Fall’s bounty is winter’s food for animals

Fall is nature’s time to provide the food that will sustain wild animals through the winter. The summer growing season has produced a virtual cornucopia of delectible wild foods like poke, persimmon, and sumac that will provide a bounty of food for deer, wild turkeys, birds, and other wildlife.

pokeberry
persimmon
mockingbird on sumac

Want to know how you can help feed wildlife this winter? Let your garden go wild.

  1. Leave undisturbed wild areas in your garden – piles of leaves or brushwood can make the perfect nest in which animals can hide, rest, and hibernate.
  2. By leaving the task of tidying your garden borders and shrubs until early spring, shelter can be provided for insects throughout winter.
  3. The seeds of summer’s flowers can provide extra food for birds, mice, and opossums.
  4. If you have a compost heap, this will become a welcome habitat for toads, salamanders, and skinks to overwinter.

Food for wildlife: The little-known persimmons

Except for those animals that hibernate, wild animals walk a tightrope every day in winter.

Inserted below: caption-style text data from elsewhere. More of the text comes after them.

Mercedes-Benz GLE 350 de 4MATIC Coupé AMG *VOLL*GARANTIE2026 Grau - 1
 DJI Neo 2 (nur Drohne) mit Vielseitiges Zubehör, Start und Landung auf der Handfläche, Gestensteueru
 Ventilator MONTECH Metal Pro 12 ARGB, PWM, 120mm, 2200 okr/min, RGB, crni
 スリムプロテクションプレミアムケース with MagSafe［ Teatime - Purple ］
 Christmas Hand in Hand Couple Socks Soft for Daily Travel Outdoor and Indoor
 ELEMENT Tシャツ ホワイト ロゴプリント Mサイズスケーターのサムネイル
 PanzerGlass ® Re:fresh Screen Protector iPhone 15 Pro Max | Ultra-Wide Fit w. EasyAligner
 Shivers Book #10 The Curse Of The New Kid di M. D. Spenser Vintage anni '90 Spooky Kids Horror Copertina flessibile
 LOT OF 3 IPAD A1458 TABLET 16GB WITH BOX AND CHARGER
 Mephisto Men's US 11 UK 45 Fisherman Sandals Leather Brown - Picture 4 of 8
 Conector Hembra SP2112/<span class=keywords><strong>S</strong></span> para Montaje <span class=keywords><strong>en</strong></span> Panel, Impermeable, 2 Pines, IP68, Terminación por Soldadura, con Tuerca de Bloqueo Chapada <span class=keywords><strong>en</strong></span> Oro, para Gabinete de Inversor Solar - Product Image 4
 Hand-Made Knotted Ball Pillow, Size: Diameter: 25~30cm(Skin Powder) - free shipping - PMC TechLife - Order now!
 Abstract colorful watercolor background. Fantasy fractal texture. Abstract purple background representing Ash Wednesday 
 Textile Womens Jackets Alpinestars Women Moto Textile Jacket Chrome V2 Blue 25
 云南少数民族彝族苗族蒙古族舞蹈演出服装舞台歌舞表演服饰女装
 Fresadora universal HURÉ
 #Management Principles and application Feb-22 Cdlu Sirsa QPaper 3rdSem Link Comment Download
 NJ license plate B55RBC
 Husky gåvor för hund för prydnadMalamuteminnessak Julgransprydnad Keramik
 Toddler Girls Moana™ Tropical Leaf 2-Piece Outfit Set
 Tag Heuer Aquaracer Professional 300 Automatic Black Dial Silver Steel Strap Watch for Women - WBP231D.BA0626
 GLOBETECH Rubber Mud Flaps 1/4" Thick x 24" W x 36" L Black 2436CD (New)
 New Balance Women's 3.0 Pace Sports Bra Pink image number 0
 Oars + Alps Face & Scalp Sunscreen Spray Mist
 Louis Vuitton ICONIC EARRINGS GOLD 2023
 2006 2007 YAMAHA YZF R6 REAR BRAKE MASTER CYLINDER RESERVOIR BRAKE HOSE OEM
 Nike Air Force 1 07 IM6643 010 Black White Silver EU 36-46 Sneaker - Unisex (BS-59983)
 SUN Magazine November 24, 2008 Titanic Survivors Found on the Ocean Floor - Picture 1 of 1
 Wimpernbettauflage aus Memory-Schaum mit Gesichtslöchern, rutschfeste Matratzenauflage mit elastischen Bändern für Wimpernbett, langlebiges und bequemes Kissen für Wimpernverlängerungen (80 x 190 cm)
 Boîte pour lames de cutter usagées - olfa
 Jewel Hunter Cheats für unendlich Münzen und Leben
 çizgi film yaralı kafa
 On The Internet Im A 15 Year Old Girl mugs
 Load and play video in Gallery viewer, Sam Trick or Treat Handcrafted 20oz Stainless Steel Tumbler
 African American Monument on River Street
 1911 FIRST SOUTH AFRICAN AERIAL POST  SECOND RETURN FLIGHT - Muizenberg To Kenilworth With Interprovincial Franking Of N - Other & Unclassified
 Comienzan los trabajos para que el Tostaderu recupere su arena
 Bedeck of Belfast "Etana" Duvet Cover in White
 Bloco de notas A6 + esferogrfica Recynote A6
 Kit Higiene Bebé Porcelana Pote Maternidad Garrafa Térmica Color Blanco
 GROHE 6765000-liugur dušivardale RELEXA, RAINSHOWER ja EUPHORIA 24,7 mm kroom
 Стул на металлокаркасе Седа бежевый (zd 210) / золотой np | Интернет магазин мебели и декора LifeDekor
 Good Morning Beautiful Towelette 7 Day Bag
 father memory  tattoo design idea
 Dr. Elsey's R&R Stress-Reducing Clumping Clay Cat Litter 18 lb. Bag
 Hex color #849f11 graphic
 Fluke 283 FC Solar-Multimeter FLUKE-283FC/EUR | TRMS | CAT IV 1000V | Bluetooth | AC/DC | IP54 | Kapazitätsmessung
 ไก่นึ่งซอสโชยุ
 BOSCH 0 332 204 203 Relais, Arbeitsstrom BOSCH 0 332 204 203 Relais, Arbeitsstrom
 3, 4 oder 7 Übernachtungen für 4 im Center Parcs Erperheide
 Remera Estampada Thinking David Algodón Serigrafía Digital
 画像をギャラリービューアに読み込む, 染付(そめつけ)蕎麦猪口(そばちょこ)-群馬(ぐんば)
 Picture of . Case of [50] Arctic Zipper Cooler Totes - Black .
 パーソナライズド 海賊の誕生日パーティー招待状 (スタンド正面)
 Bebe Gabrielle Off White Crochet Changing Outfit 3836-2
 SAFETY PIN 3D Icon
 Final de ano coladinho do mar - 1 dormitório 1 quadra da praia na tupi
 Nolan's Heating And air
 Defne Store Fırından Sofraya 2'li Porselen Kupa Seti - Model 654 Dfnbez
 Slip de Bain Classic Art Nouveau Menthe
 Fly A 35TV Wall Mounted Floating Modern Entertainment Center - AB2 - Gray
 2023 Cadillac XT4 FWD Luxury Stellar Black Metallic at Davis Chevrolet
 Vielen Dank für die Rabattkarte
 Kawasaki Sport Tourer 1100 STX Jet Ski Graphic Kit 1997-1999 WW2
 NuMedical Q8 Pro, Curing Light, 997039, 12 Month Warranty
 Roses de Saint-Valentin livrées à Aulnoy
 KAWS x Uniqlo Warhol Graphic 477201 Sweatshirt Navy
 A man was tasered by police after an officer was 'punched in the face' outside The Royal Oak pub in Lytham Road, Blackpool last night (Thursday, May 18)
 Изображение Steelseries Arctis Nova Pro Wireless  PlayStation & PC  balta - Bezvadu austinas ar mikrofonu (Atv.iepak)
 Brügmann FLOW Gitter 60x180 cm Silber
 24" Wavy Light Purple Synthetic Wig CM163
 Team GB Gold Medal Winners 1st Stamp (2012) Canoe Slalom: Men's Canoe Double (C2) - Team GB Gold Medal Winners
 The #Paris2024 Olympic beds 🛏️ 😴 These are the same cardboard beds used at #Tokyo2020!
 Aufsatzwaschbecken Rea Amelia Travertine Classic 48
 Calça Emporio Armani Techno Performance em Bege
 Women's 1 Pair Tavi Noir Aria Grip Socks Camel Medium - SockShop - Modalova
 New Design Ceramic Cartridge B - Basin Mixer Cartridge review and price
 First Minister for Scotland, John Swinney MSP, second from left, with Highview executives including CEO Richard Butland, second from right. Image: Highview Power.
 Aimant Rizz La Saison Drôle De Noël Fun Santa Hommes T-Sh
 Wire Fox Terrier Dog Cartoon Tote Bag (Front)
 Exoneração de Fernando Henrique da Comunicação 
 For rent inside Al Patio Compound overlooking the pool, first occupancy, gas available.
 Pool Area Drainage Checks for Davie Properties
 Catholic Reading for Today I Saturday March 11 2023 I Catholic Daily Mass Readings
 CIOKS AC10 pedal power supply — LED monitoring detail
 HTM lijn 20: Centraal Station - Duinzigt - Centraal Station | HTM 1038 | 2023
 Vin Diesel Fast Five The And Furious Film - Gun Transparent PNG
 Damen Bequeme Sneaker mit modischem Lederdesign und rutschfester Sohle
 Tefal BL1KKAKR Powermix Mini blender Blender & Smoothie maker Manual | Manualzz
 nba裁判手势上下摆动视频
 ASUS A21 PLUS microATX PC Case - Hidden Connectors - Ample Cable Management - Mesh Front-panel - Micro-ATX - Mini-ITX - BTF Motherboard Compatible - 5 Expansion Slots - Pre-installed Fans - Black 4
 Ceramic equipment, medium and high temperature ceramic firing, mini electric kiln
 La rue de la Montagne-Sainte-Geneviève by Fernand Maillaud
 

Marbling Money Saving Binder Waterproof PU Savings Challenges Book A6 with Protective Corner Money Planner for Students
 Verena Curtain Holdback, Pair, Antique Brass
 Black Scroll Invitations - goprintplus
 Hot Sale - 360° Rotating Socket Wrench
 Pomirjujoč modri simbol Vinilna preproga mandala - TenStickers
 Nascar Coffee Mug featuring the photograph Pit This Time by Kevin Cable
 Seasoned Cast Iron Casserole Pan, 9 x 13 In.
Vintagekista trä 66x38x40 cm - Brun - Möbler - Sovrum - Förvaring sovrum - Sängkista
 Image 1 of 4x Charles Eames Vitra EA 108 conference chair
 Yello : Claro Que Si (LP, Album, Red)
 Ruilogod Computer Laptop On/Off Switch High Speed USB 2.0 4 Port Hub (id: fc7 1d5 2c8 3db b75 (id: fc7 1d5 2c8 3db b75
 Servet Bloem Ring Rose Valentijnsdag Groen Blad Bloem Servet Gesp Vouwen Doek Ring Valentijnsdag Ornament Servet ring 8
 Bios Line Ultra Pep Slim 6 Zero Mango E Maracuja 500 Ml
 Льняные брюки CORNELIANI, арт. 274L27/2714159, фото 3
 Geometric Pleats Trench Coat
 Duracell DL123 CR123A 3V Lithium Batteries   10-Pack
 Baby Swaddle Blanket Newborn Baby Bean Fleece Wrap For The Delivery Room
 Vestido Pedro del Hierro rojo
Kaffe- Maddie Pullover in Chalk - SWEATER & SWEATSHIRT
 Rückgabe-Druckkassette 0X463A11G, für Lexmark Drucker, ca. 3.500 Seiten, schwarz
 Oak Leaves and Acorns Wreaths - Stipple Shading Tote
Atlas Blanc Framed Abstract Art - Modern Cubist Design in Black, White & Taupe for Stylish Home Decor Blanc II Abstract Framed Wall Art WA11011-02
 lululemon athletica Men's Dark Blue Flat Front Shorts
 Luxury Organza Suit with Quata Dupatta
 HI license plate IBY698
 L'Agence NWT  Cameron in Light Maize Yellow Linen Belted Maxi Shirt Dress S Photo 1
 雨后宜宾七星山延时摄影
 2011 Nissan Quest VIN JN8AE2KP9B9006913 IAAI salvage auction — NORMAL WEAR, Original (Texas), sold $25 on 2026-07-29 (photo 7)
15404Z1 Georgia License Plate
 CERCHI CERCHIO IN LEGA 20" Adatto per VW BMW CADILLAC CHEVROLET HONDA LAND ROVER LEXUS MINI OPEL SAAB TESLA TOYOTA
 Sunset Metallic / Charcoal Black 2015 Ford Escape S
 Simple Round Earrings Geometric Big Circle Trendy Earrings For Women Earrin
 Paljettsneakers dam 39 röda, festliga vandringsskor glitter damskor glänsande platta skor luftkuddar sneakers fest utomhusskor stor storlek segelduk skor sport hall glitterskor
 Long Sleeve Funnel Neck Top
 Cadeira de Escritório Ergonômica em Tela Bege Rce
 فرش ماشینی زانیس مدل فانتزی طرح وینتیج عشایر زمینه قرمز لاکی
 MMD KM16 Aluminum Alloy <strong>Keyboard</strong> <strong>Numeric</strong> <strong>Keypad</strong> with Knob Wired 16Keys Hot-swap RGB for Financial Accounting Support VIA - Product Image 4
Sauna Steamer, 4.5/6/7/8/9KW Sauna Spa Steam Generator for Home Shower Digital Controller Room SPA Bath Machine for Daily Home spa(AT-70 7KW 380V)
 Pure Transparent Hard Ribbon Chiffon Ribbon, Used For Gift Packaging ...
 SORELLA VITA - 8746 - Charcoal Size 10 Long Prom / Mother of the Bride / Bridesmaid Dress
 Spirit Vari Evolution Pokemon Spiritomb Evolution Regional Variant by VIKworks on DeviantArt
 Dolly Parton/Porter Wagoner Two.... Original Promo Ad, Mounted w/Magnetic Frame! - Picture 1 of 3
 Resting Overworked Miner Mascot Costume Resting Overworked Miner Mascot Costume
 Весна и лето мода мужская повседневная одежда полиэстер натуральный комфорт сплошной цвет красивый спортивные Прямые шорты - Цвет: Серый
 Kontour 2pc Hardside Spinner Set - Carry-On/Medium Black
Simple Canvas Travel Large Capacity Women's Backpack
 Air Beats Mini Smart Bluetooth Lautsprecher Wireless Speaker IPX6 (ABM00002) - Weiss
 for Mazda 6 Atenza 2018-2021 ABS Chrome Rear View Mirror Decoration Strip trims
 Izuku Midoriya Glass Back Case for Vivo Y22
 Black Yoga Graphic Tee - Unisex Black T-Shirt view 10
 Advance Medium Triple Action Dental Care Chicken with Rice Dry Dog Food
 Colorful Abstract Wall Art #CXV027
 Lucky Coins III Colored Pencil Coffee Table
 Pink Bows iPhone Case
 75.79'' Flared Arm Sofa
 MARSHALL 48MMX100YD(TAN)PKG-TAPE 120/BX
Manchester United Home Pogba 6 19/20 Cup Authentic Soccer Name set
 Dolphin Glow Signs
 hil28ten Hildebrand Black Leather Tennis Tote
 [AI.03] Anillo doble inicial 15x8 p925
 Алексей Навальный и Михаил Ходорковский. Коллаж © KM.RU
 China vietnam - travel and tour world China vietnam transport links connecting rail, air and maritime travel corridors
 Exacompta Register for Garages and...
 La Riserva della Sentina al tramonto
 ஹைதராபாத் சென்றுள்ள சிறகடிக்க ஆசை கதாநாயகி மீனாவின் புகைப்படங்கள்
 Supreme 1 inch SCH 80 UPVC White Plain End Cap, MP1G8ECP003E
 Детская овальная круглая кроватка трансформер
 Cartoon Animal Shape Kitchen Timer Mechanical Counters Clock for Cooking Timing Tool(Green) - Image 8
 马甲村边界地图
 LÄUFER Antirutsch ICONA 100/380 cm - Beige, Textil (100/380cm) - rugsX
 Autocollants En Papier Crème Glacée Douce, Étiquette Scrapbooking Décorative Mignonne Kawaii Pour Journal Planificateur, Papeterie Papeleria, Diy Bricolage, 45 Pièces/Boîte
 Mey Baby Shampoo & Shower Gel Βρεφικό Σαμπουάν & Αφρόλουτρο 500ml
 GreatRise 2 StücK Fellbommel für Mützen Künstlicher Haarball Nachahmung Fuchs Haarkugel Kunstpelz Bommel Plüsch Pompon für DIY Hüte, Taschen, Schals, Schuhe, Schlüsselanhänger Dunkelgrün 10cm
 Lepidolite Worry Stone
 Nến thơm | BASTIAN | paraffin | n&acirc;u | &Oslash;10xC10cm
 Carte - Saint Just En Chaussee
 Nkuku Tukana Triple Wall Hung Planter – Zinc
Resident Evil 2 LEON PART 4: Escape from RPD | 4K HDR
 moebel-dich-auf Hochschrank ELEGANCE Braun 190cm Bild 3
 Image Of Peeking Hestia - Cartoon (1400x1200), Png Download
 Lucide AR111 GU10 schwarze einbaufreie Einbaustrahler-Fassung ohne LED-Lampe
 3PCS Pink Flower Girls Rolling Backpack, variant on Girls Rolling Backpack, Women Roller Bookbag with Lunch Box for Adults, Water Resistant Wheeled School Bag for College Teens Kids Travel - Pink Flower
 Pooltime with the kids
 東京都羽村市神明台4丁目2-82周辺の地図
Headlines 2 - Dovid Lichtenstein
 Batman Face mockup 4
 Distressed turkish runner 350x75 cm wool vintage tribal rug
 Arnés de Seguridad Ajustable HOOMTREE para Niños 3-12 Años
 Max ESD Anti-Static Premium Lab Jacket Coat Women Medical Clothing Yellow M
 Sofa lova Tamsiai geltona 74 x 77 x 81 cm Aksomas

They have to eat enough to produce the energy needed to get through the night without freezing to death, but time spent foraging increases their risk of themselves being a meal for a predator.

This is the first in a series of wild foods that play an important role in sustaining wildlife through winter. This post is about the persimmons, a little known and largely ignored, but magnificent fruit (actually it’s a berry) that is an important source of food and energy for birds and other wildlife.

Most persimmons live in obscurity until autumn. Once the tree begins shedding its leaves, its crop of an inch to 2-1/2-inch-long fruits look much like small, orange Christmas ornaments hanging on the tree’s naked branches.

Birds that dine on persimmons include wild turkeys, robins, cedar waxwings, catbirds, robins, pileated woodpeckers, and mockingbirds. Squirrels, opossums, and raccoons eat right from the tree, but other animals like deer, fox, bears, rodents, and skunks have to wait for the fruit to fall, which is actually when they reach their peak ripeness.

If persimmons are ripe, their flattened, reddish brown seeds will show up in the scat of the animals that eat them. The seeds easily pass through the digestive tracts of these animals and are spread to spots far from the tree where they were devoured. Some of these seeds will later germinate to produce a new generation of persimmon trees.

Common persimmons are difficult to get established. Consequently, when clearing a lot for a new home or maintaining a fence line, leave some of the persimmon trees that you find. If you have one standing on your property, don’t cut it down. The tree will provide a dependable source of fruits for your wildlife neighbors for years to come.